Real Vico Equense
- Full name: Football Club Real Città di Vico Equense
- Founded: 1958
- Ground: Stadio Comunale, Vico Equense, Italy
- Capacity: 1,500
- Chairman: Rosario Gaglione
- Manager: Vincenzo Di Maio
- League: Eccellenza
- 2021–2022: Eccellenza girone C, 6 position (as F.C Vico Equense calcio)
| Home colours | Away colours |

= FC Real Città di Vico Equense =

Italian football club

F.C. Real Città di Vico Equense is an Italian association football club located in Vico Equense, Campania. Currently it plays in Eccelenza.

== History ==
The club was founded in 1929 and refounded in 1958.

It was promoted to Serie D from Eccellenza (sixth tier) in 2007–08, and finished its first Serie D campaign with a second place in the Girone I, behind Siracusa. The club then enjoyed a very successful campaign in the subsequent playoff phase, ending as runners-up behind Nocerina and being subsequently picked to fill a vacancy in the fully professional Lega Pro Seconda Divisione.

The club also competed in the 2009–10 Coppa Italia as Serie D playoff runners-up, and surprisingly defeated Lega Pro Prima Divisione side Rimini (who were relegated from Serie B only one month earlier) in a 2–1 away win. Vico Equense were then defeated in the second round to Serie B outfit Lecce in a 4–0 win for the opposite side.

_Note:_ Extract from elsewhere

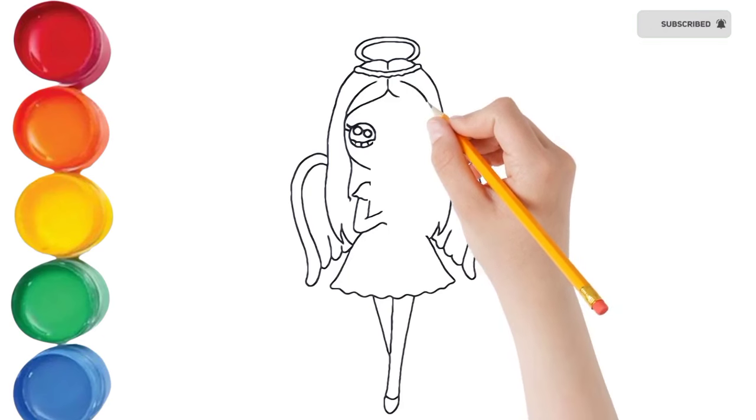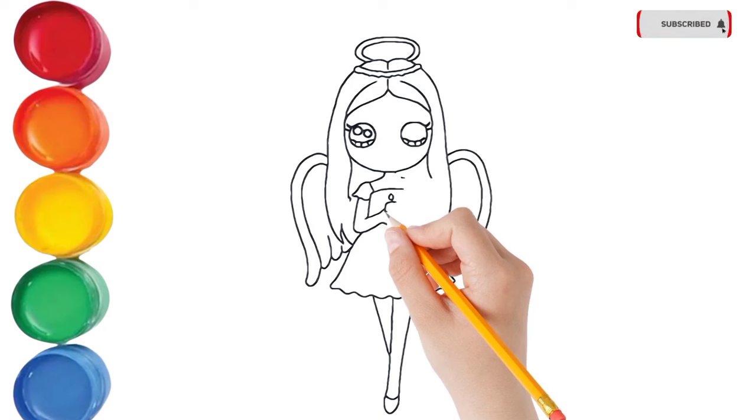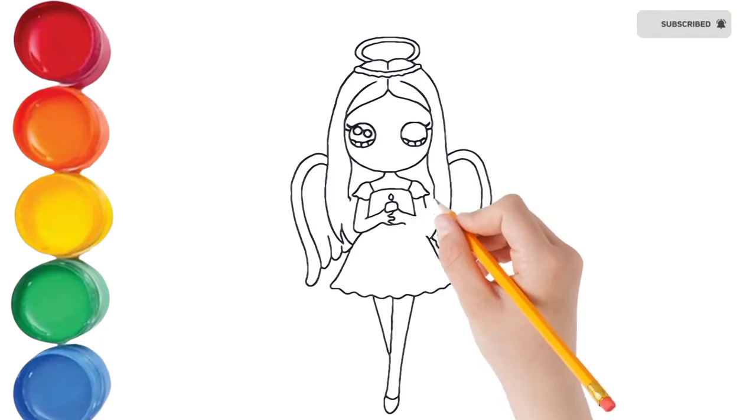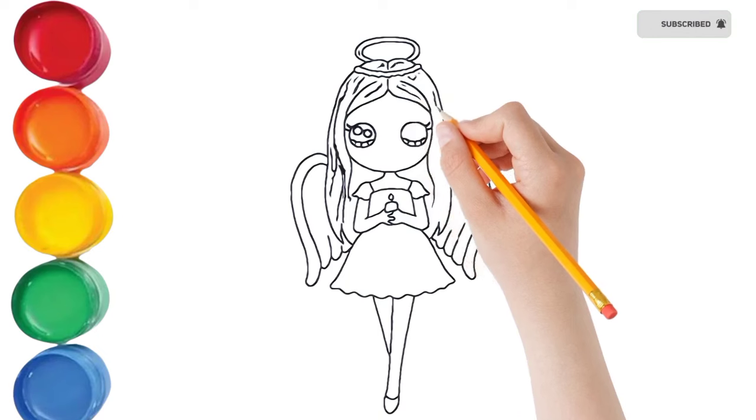Hickory dickory dock, the bird looked at the clock. The clock struck two, the way she flew. Hickory dickory dock, tick tock, tick tock.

In summer 2010 after the relegation from Lega Pro Seconda Divisione it does not join 2010–11 Serie D and restarted from Prima Categoria Campania getting the immediate promotion to Promozione Campania. In the next season it was admitted to Eccellenza Campania after repechage.

In 2012–13 season the team won promotion to Serie D after finishing first in Eccellenza Campania Girone B. Later, it was expelled by federal's council's decision from Serie D. In the summer 2013 the club bought Real Hyria Nola's sports title and ultimately will play in the next Serie D championship as F.C. Real Città di Vico Equense.

== Colors and badge ==
The team's colors are blue, gold and white.